Семье беженцев из Славянска,


ополченцу Жене и их коту

поезд идет прямиком в рай,


по лесам зелёным,


уже прошли по вагонам


пограничные архангелы с автоматами.


небо наползает облаками мохнатыми,


кому пива, сока, воды, орешков солёных.

лето за окном, такое дождливое лето.


в плацкартном закоулке у туалета


больше всего, конечно же, жаль кота,


привыкшего к дому – мяукает перепуганно, серый.


время такое – пора сниматься, переменять места,


ехать в землю обетованную, на север, на север.

там будет мирная жизнь и радость,


там – никакой войны,


никаких раздирающих небо выстрелов;


можно будет заново жить и заново выстроить


домик, полный неба и тишины.

поезд идёт мимо вечернего света,


мимо лесов и росы.


в этом закоулке у туалета –


кот, родители и практически взрослый сын,


девочка в зелёном платье


и мир, откуда они ушли.


и в чемоданах – всё, что с ними останется.


голос гудка – словно крик потерявшейся странницы.


вот они миновали первую станцию


обетованной земли.

кто-то напрягается, завидев над головой самолёт.


кот мяукает, не ест и не пьёт.

конец тут, конечно, будет хороший:


никаких проблем, документов, разрешения на работу,


сразу будет дом, и прежнего нисколько не плоше,


всем – по мешку печенья, кошачьего корма,


и самолёты –


толстые, мирные, и небо – такое большое,


и настоящее мороженое, с настоящим молочным


вкусом.


поезд идёт северо-западным курсом,


кот мяучит, женщина спит, в тамбуре люди стоят,


девочка гоняет проводника за чаем,


кривит губы надменно, скрывая отчаянье,


издалека еле-еле я различаю,


что это я.

ПЕРВАЯ СМЕРТЬ

Кончается музыка. На этой точке внутри-


сердечной инъекцией входит холод,


смертность входит и быть начинает в нас,


начинает существовать. Едь на верхней полке, смотри,


как мелькают в ночи светофоры и фонари.


При наличии точки путь становится ясен и долог,


возникает система координат.

Запах травы свежескошенной, угли на пепелище,


влажная земля разрыта и капли дождя на лице, –


всё это есть сейчас, а больше ничего-то и нет.


И потому становится видно небо


и в нём пламенеющий свет.


Смертность делает мир яснее и чище,


делает старше.
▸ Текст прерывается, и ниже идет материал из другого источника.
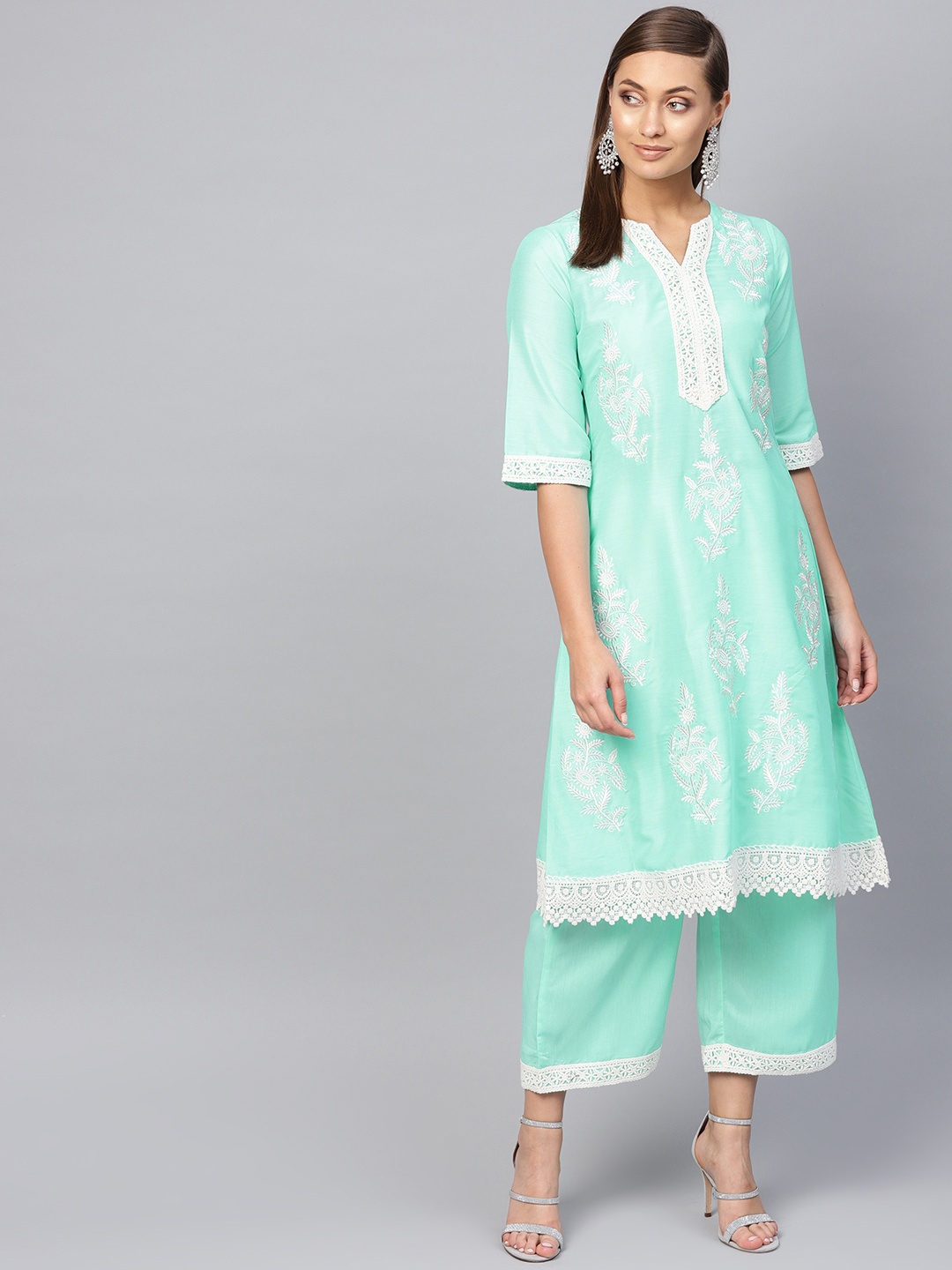 

Libas Women Sea Green & Off-White Embroidered Kurta with Palazzos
Вот ты уходишь по лестнице,


вверх, а я всё смотрю и смотрю тебе вслед.

И потому, перестав быть бессмертными,


перестав быть цветами,


мы становимся – небо и птица,


ручей, и берег, и облака.


Сердце, где поселился холод,


начинает стучать обратный отсчёт.


Лестница, залитая солнцем, тает, растворяется


между нами,


клеверный луг сиренев и зелена река,


и она течёт в одну сторону да течёт.

А ты что такой умный,


как будто бы знаешь точно,


стоит ли умирать,


стоит оно того?


Слушай, не надо лозунгов,


и так-то тошно.


Я-то?


Да я об этом совсем ничего.

Нет, я не знаю.


И ты не знаешь.


Разве о том, что ордена удостоят.


Может, в газете ещё пропишут и пустят слухи.


А если хочешь знать,


стоит ли,


стоит? –


то вот, спроси у Андрюхи.

А Андрюха ходит по яблоневому саду,


на ветру струится ковыль.


А Андрюха смеётся, ему ничего не надо,


на лице у него – пыль,


голова у него в цвету, в цветах.


голова у него в кустах.

И роса на яблоках, и в каплях – солнце,


у заката лицо огнево.


А Андрюха оборачивается и смеётся:


ничего не знаю, мол, ничего.

Может, и хотел бы что-то ответить,


но становится темнота,


налетает, уносит его ветер


за чёрные леса, за далёкие города,


и ничего он не скажет тебе


никогда.

*


И исчезают яблони, и становится тишина,


и только горит костёр,


а ты иди, раздвигая мрак, ничего не знай,


до далёких морей, до высоких гор.

Там, у дороги, в лесополосе,


упадёшь, уставившись в темноту.


И когда-нибудь будет радость, и солнце в росе,


и яблони во цвету.

И если петь – не о смерти, а о любви*.